Giovanna s’entiche d’abord d’une tante, brouillée avec ses parents depuis bien avant sa naissance, une sorte d’Anna Magnani libre et blessée, en couple avec la femme de son amant défunt, dotée du franc-parler propre aux êtres abîmés par la colère. Cette fée maléfique lui transmet le plus dangereux des pouvoirs, celui de l’intransigeance envers soi, capable de vous ronger jusqu’à vous faire disparaître, mais aussi propice à l’éveil absolu.

“Une ambiance de cimetières, de torrents et de chiens féroces…”

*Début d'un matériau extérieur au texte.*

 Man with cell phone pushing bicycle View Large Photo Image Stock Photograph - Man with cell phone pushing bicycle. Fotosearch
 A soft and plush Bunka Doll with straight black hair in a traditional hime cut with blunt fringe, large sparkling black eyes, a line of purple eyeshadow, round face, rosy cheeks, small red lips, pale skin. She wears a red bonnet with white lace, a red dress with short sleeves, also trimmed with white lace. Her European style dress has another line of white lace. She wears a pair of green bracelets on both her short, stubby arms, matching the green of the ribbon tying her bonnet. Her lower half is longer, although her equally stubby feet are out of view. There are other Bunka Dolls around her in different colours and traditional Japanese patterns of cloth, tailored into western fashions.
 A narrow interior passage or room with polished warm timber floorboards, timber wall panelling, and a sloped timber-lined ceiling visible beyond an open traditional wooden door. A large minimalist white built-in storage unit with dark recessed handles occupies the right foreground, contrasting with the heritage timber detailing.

Elena Ferrante parle depuis le point de bascule entre les deux, debout sur la ligne de frontière, en poste d’observation. Elle a trouvé la place juste, dans l’œil du cyclone, au milieu du tourbillon des apparences et de la réalité, du bien et du mal, pour absorber l’énergie ambiante sans vaciller, et la redistribuer avec une grande intelligence. Tel est le secret de son écriture, précise, mordante, centrifuge, assez assurée pour faire des embardées dans l’imaginaire le plus halluciné, comme Giovanna, qui, pour épater ses amies, réinvente la vie de sa tante, « dans une ambiance de cimetières, de torrents et de chiens féroces, de flammes de raffineries et de squelettes de bâtiments abandonnés ».

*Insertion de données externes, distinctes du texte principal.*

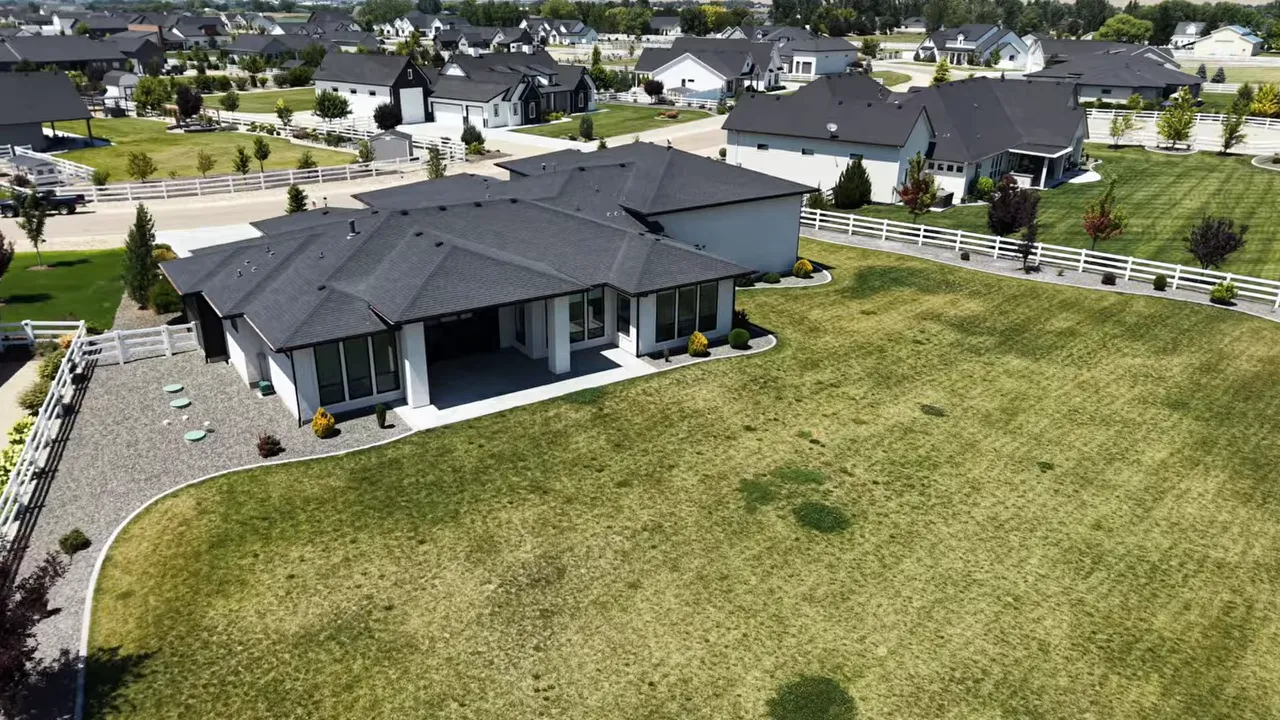 Aerial view of large grassy backyard behind single story home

Quand se déroule l’histoire ? Rares sont les indices qui le révèlent, mais l’ambiance fin de règne du XXe siècle est palpable. Pas de téléphone portable ni d’Internet, des femmes en tailleur et collier de perlouses, des adolescentes en tee-shirt échancré. La libération des mœurs a visiblement tenté d’avoir lieu, dans les années 1970, mais une quinzaine d’années plus tard, le naturel pincé est revenu au galop, avec son cortège d’hypocrisies et de cachotteries. La cruauté le dispute à la vulnérabilité, le patriarcat tire ses dernières cartouches, la peau dure des conventions se ramollit, les coups font tous mal. Sur ce terrain miné, une jeune fille fleurit, décidée à interroger en priorité son consentement. Face aux sollicitations des hommes, des amies, de la famille, de l’école, elle apprend à soulever au fond d’elle « la pierre sous laquelle est cachée une vie élémentaire ». La seule vie qui vaille, celle qui nourrit les romans palpitants.